Se positionner politiquement contre la répression institutionnelle et pour un prendre-soin libérateur
Dans un cadre politique, il est essentiel de critiquer et de remettre en question les institutions qui ont historiquement ignoré, réprimé ou mal traité les victimes de violences sexuelles et sexistes. Cela inclut la police, les tribunaux, le système de santé, etc. Politiser le prendre-soin, c’est aussi revendiquer un système de prendre-soin libérateur, qui s’oppose à la criminalisation des victimes, qui répare plutôt que de punir, et qui permet aux personnes ayant subies de violences sexuelles de retrouver leur dignité et leur autonomie.
Actions concrètes :
- Militer pour des systèmes de justice alternatifs et réparateurs qui mettent l’accent sur la guérison des victimes plutôt que sur la seule punition des agresseurs.
- Créer des alliances avec des collectifs féministes, queer et anti-oppressifs pour dénoncer les violences sexuelles et sexistes à l’échelle sociétale et proposer des solutions de soin communautaires.
- Développer des outils de résistance collective, comme des chartes d’engagement sur le respect du consentement et des pratiques de soutien mutuel dans les espaces politique
Soutenir les personnes ayant subi des VSS dans la reconstruction et la lutte
Enfin, un aspect fondamental de la politisation du prendre-soin, c’est de considérer les survivantes de violences sexuelles et sexistes comme des actrices politiques à part entière. Leur autonomisation et leur soutien dans leur processus de guérison permettent de faire en sorte que le prendre-soin devienne un outil de résistance politique et de transformation sociale.
Concrètement :
- Permettre à celles et ceux-ci de prendre la parole et de s’organiser autour de leurs propres expériences, tout en leur offrant des espaces sûrs.
- Valoriser leurs témoignages et leurs contributions comme sources de connaissance et d’action pour le collectif.
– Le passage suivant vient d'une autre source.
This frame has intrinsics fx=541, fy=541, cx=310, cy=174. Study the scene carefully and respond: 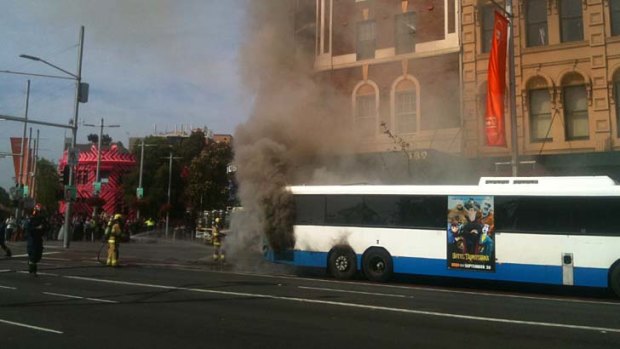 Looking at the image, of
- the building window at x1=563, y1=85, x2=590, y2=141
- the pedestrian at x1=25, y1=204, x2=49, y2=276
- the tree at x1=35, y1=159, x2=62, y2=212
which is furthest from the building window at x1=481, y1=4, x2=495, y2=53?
the tree at x1=35, y1=159, x2=62, y2=212

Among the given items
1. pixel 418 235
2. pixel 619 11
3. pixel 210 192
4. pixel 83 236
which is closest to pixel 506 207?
pixel 418 235

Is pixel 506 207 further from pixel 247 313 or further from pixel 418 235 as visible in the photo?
pixel 247 313

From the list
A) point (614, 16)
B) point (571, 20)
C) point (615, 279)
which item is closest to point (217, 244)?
point (615, 279)

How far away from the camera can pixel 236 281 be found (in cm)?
1132

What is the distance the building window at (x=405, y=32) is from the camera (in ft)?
60.0

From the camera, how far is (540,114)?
1658 centimetres

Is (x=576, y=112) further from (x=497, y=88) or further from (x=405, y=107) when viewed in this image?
(x=405, y=107)

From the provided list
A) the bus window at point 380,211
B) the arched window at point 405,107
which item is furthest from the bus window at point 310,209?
the arched window at point 405,107

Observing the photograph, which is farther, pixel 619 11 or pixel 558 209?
pixel 619 11

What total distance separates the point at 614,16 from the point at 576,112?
2892mm

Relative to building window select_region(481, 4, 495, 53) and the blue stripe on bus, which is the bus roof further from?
building window select_region(481, 4, 495, 53)

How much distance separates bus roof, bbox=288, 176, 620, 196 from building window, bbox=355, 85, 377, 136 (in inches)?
232

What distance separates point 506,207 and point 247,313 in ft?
19.9

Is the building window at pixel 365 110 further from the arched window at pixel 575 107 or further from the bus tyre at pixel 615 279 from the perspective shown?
the bus tyre at pixel 615 279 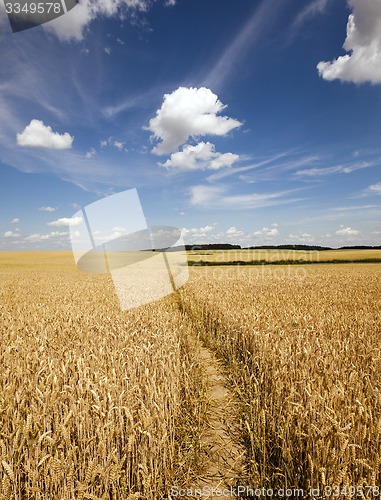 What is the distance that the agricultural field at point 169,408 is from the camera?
8.55 feet

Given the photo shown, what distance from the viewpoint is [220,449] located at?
3.72m

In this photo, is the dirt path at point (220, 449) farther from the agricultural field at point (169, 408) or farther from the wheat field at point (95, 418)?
the wheat field at point (95, 418)

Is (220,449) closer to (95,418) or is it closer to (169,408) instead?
(169,408)

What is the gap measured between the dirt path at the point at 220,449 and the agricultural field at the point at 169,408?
0.09 m

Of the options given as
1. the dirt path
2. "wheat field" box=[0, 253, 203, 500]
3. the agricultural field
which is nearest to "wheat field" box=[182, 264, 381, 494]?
the agricultural field

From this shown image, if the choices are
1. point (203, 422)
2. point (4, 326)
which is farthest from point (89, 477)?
point (4, 326)

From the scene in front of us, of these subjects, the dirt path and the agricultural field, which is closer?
the agricultural field

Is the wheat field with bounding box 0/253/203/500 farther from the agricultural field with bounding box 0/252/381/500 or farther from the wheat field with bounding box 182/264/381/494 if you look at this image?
the wheat field with bounding box 182/264/381/494

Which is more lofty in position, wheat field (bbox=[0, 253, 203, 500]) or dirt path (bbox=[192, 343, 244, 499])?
wheat field (bbox=[0, 253, 203, 500])

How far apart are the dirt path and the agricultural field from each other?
94 mm

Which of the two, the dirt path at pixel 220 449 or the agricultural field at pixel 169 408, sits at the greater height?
the agricultural field at pixel 169 408

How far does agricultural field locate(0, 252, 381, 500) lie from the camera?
2.61m

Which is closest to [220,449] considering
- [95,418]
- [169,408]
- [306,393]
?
[169,408]

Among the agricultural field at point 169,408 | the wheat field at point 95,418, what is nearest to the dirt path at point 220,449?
the agricultural field at point 169,408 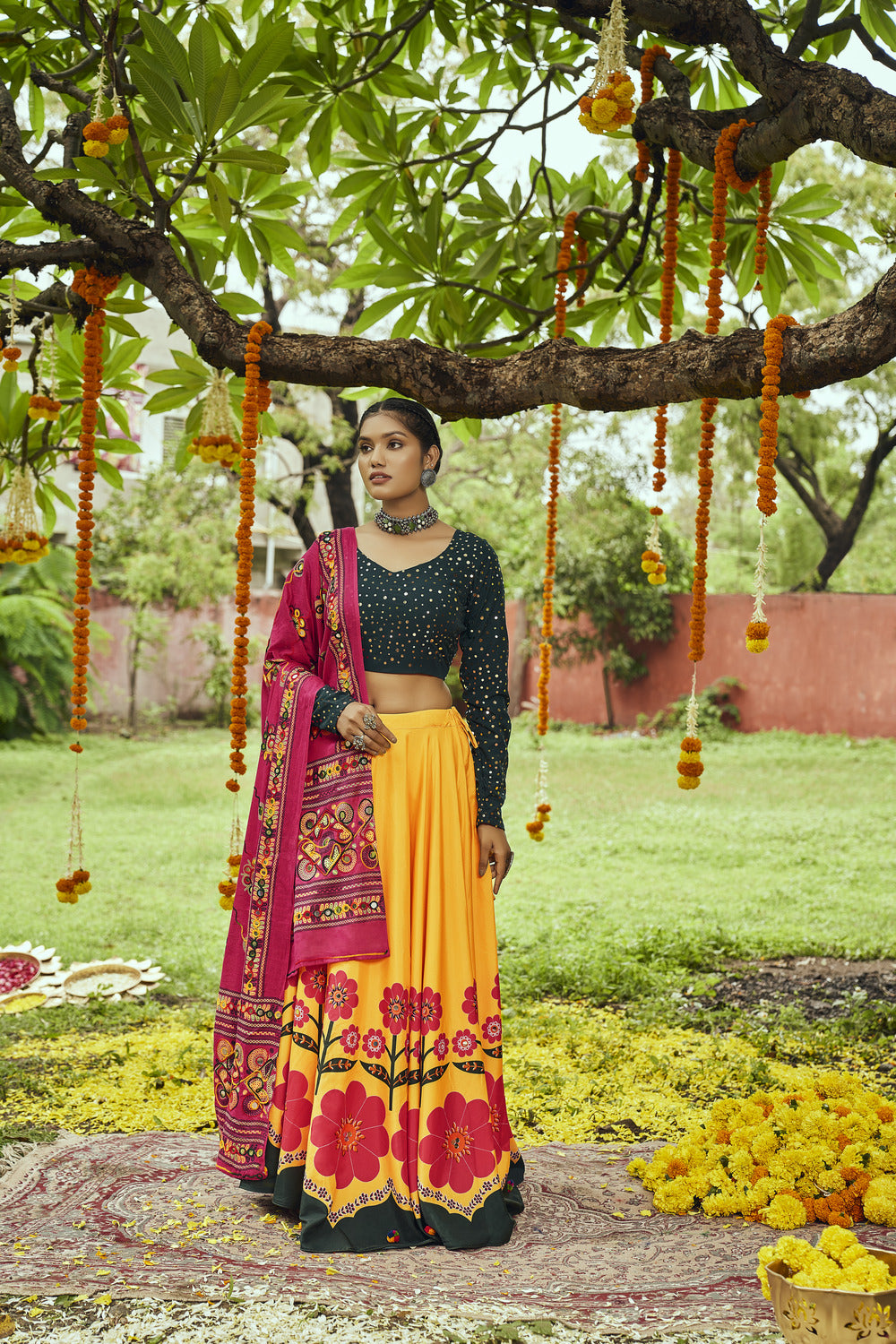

- Créer des stratégies de guérison collective, où la solidarité et la résistance deviennent des outils pour les femmes et les personnes marginalisées de reconstruire leur pouvoir et de lutter contre les violences sexistes.
Conclusion provisoire : La politisation du prendre-soin est un levier pour la transformation sociale
Sa politisation ne se limite pas à un simple débat sur les tâches ménagères ou les professions de soin, mais elle ouvre un large champ d’interrogations et d’actions pour transformer la société. C’est une manière de défendre un modèle économique et social qui reconnaît les besoins humains de manière holistique, en mettant au cœur des politiques publiques la reconnaissance de l’importance du soin pour garantir l’égalité, la justice et le bien-être de toutes et tous. C’est aussi un moyen de redéfinir le rapport de pouvoir entre les individus, les genres et les classes sociales.
Appliquer cette mise en politique dans un contexte de collectifs politiques tout en intégrant les violences sexuelles et sexistes est une démarche complexe mais essentielle pour construire des mouvements inclusifs et structurés autour de la justice sociale, du genre et de la lutte contre l’oppression. Cela nécessite de repenser la manière dont le prendre-soin est organisé, donné, et reçu, tout en tenant compte de l’impact des violences sexuelles et sexistes sur la santé physique, mentale et émotionnelle des individus, en particulier des femmes, des personnes LGBTQ+, et d’autres groupes marginalisés.
Il s’agit de créer des espaces sûrs, de redistribuer les responsabilités de prendre-soin, de prendre en compte les besoins spécifiques des victimes et de construire une culture du soutien mutuel et de la solidarité. Cela implique aussi de remettre en question les structures de pouvoir patriarcales qui perpétuent les violences, tout en développant des alternatives de prendre-soin communautaires et émancipatrices.